Fear and loathing stalk the place - fear that glittering careers might soon be coming to a close and loathing that it should all be so unfair. The loathing depends on who you are: if you are a southern European, you blame the Germans; if you are a commissioner under suspicion, you blame the media; if you are a northern European, you blame the southerners. Everyone is dusting off their CVs, which somehow now seem less impressive because of their association with a discredited Commission. The writing is on the wall. Within weeks of the launch of the single currency, Jacques Santer's Commission has fallen apart.
Like all the best political crises, it has been a product of farce and incompetence. Santer, the rubicund former Luxembourg prime minister appointed four years ago and described by John Major as "the right man in the right place at the right time", might have thought he would float serenely into retirement at the end of his term in a year's time, garlanded with praise for the single currency.
Instead, next week he is likely to find his period at the helm of Europe besmirched with a reputation for sleaze and incompetence. A committee of wise men will be reporting on what they have found in the six weeks since they were appointed, at the behest of the European Parliament, to investigate all the allegations. It has been a rushed job and it will not make pretty reading for the 20 commissioners. Knives are already being sharpened to plunge into the elegant back of Edith Cresson, the French Socialist former prime minister, who as education commissioner has been at the heart of reports of corruption and nepotism.
Santer usually walks round with a faintly gormless smile on his cheery face. Currently he looks as if he has been sandbagged. And he doesn't seem to have "got it". The issue is not underhand questioning of the Commission's reputation - "hurting the EU", as he put it in an extraordinary letter to the Swedish prime minister, Goran Persson, soon after the crisis broke - but why corruption has for so long been regarded as a tiresome irrelevance in the corridors of officialdom.
Allegations of fraud, as well as incompetence and mismanagement, have floated around the Commission, the European Union's civil service, for at least ten years, but in the past few weeks they have bubbled remorselessly to the surface thanks to some extraordinary own goals by the Commission and the European Parliament which, almost in a fit of absent-mindedness, embarked on a censure motion in December. The move came just as the Commission decided to suspend a middle-ranking Dutch accountant for revealing fuller details of corruption than ever before to the MEPs.

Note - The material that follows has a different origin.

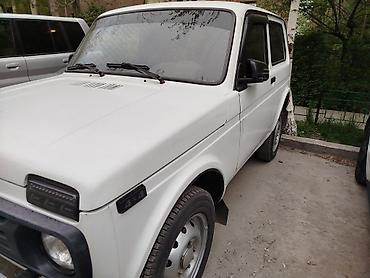 нива зеркало: ВАЗ (ЛАДА) 4x4 Нива: 2012 г., Внедорожник — 3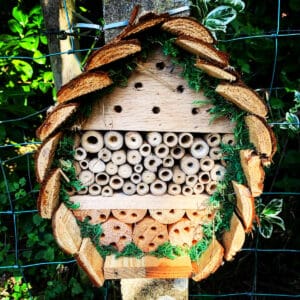 Close-up of wooden bee hotel.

Paul van Buitenen, the whistle-blower, found himself declared a non-person, thrown out of the building, reduced to half-pay and, worst of all, publicly derided by the great panjandrums of the Commission. Cresson, whose appointment of her septuagenarian dentist and sometime astrologer to head the EU's unit on Aids research has caused her much embarrassment, complained that van Buitenen was a religious fanatic - on the grounds that he went to church. M Berthelot, the said dentist, had a heart attack a month into his contract and was unable to complete more than a three-line document in that time but was still paid ten months' salary - £36,000 - at the commissioner's insistence.
Meanwhile, as van Buitenen's charges surfaced, Erkki Liikanen, the Finnish commissioner in charge of administration, passed round a letter the anguished accountant had written, claiming he was in fear of his life because he had been shown guns by the Commission's Group Four security staff. How absurd - who could think a bureaucracy would need weapons to defend itself ? Then, a few days later, the Commission admitted that, yes, it did have guns. Well, only a few. Actually, a couple of sub-machine guns and sniper rifles, if you must know. Only to protect visiting dignitaries.
Such revelations show why the Commission, a body used to dismissing as deluded those who fall out of love with the great European project, should be running scared. It is hard to dismiss the charges and, indeed, no one has really tried to do so: a missing million or two from its humanitarian and third world aid budgets; the appointment of cronies, who then went on to appoint wives, friends and relatives on inflated salaries to help them do it. Then there was money poured into non-existent schemes and money demanded in kickbacks. And darker allegations of the sexual abuse of children at the Commission's creche, which did not stop the company running it from being reappointed.
These are not trivial matters yet they have been met not with detailed and convincing rebuttals but by arrogant and dismissive invective. Under considerable pressure from Europe's socialist governments - not least Tony Blair's, but also Gerhard Schroder's - the parliament fell short of sacking the Commission in January. Things may change next week if the commissioners do not repent in the wake of the report.
Curiously, not one of Labour's phalanx of MEPs expressed any interest whatsoever in meeting van Buitenen to discuss his allegations. Such are the seething tensions in the socialist group that when one of them, Mike Tappin, recently called for Cresson to be dismissed, he was immediately denounced by French members of the group rallying round their old comrade.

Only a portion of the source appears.